Consider a scenario: What if a job fails due to a backend or dependency component issue? If a job is scheduled hourly and faces a major downtime just minutes before execution, what should be done?

Based on my experience with various large projects, implementing automatic safety switches for handling technical errors is a best practice.

Enhancing Failure Handling With Automatic Safety Switches

When a technical error occurs (e.g., timeout, storage shortage, database failure), the job should attempt several retries (as per best practices outlined below) and halt immediately at the current processing step. It's advisable to record the current step position, allowing for intelligent restarts once the system is operational again.

Only human intervention, after thorough analysis and resolution, should reset the switch. While in a disabled state, any attempt to schedule the job should log that it's inactive and cannot initiate. This is also the opportune moment to create a post-mortem report, valuable for future failure analysis and potential adjustments to code or configuration for improved robustness (e.g., adjusting timeouts, adding retries, or enhancing input controls).

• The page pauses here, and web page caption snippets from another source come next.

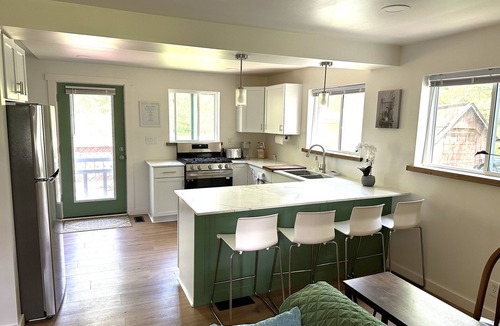 Batavia House | Private 2-bed/2 bath house w/Hot Tub, yard in Batavia 15 minutes to Darien Lake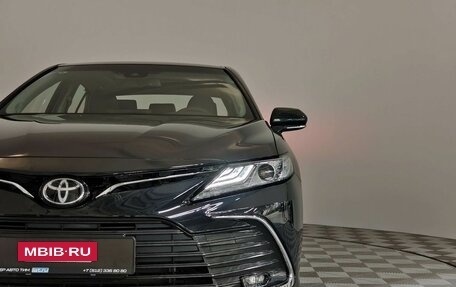 Toyota Camry, 2023 год, 5 990 000 рублей, 9 фотография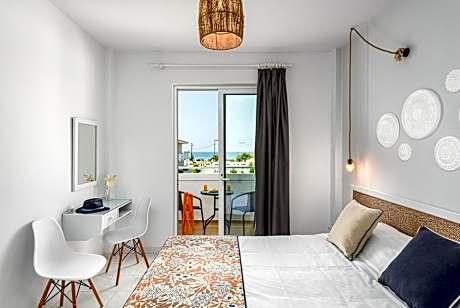 Mrs Chryssana Beach Hotel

The switch can then be removed, enabling the job to recommence or complete outstanding steps (if supported) during the next scheduled run. Alternatively, immediate execution can be forced to prevent prolonged downtime delays, especially if job frequency is low. Delaying a job's execution excessively can lead to end-user latency and potential accumulation of such delays, eventually overwhelming the job's capacity.

Rationale for Automatic Safety Switches

  • Prevention of Data Corruption: They can avert significant data corruption resulting from bugs by halting activity during unexpected states.

  • Error Log Management: They help prevent system flooding with repetitive error logs (such as database access error stack traces). Uncontrolled log volumes might also exacerbate issues like filesystems filling.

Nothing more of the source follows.